Thursday, 21 February 2008

Housing slump, inflation hump

Yesterday's reports did not show much change in the direction of the US economy in January. Inflation remains high, housing remains weak. Bloomberg reports:

The two-year housing slump pushing the U.S. economy toward a recession hasn't alleviated inflation pressures, reports today showed.

Consumer prices rose 0.4 percent from December, with costs excluding food and energy climbing 0.3 percent, the most since June 2006, the Labor Department said. Builders started work on 1.012 million homes at an annual rate in January, close to a 16- year low, the Commerce Department reported in Washington...

Building permits, an indication of future construction, fell 3 percent to a 1.048 million rate, the lowest level since November 1991, today's Commerce report showed.

The Federal Reserve has recently appeared more concerned with the weak growth rather than with inflation, expecting the latter to moderate eventually.

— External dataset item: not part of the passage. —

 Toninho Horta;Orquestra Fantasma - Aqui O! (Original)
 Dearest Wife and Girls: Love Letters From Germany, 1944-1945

Fed policy makers last month judged that low interest rates "were appropriate for a time," according to minutes of the Jan. 9 and 21 conference calls and Jan. 29-30 meeting reported today. And, while some officials considered that a reversal of the rate cuts may be needed once the economy stabilizes, "members agreed that inflation was likely to moderate in coming quarters."

This is despite the fact that Federal Reserve forecasts were revised to show both lower growth and higher inflation.

The Fed also lowered its growth forecast and boosted its expectations for the pace of increase in consumer prices. It now expects the economy to expand 1.3 percent to 2 percent in the fourth quarter from the same period a year before, compared with 1.8 percent to 2.5 percent projected in October. Consumer prices will rise 2.1 percent to 2.4 percent compared with 1.8 percent to 2.1 percent.